It has become a cliché that we live in fraught times. Our political life, which informs our public sensibilities overall, has become fractured, coarse and angry. With emergent tribalism creating loyalties among those of similar persuasion and making enemies of those who are not, with ideological walls growing thicker, dialogue and civil conversation have all but collapsed. From Congress all the way down to neighbors and family members we suffer under the pain of strained relations.
One unfortunate consequence which disturbs me greatly, and which I have written about elsewhere, is the emergence of the cancel culture. Affirm a position or a thinker on the “wrong side” of the ideological divide, engage an act that runs against the “correct” norm, say something once, even if it was years in the past, and you can find yourself without a job, shunned by others and cast down a black hole. Careers and lives are gratuitously ruined, lost to the excoriating judgment of self-appointed perfect people, whether they be on social media or have the ear of your peers or administrators. There is no place for forgiveness, for a wider understanding of contexts, and there are no second chances. Reality is reduced to moral binaries and absolutes. We have become too prone to judgment with little room for understanding or compassion.
I see this fretful trend as an attack on our basic humanity. An existential fact about us is that we are by nature fallible creatures; we all make mistakes, and no one is exempted. The reality of fallibility makes forgiveness necessary. Without the spirit and possibility of forgiveness, human relations become too brittle to sustain. I fear that in too many circles this is where we have arrived, or at a minimum are trending.
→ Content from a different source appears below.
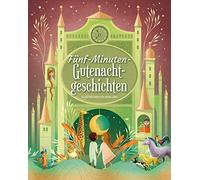 Anna Lang (Illu Fünf-Minuten-Gute-Nacht-Geschichten. 70 lusti (Copertina rigida)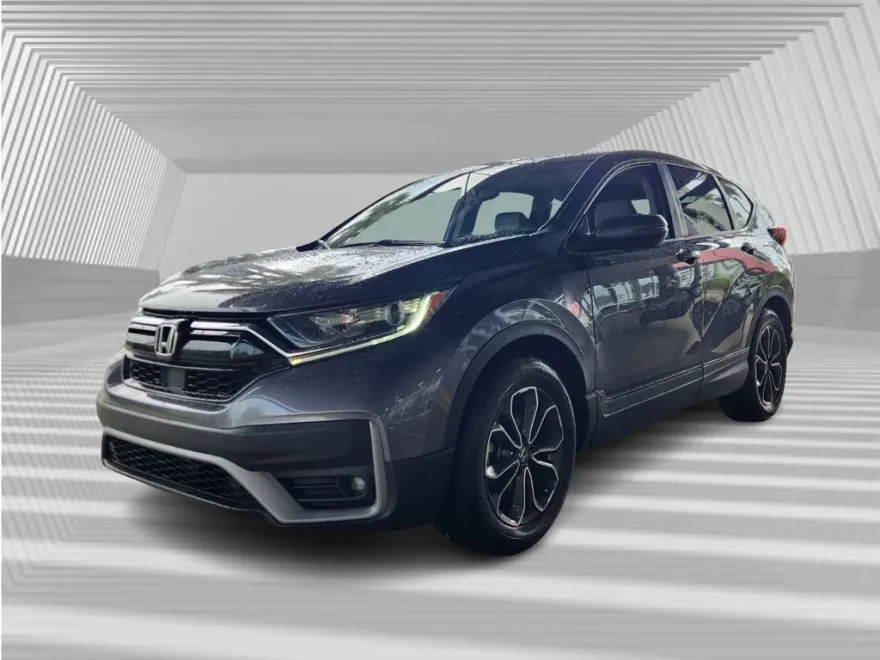 2021 Honda CR-V EX-L photo 1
I want to bore down a level deeper. The penchant for judgment, which I contend is component of the coarseness of our times, is targeted most often at the actions of others, and I am including here what people say among their actions. In a quickness to judge, we have cast aside an interest and forbearance to look behind people's actions, and the alleged sins they commit, to understand and appreciate their motivations. The manifest consequences of what people do is all that counts and the motivations that lie behind what they do has increasingly fallen out of the equation. As manifest actions become more harshly judged, the underlying intentions go unconsidered.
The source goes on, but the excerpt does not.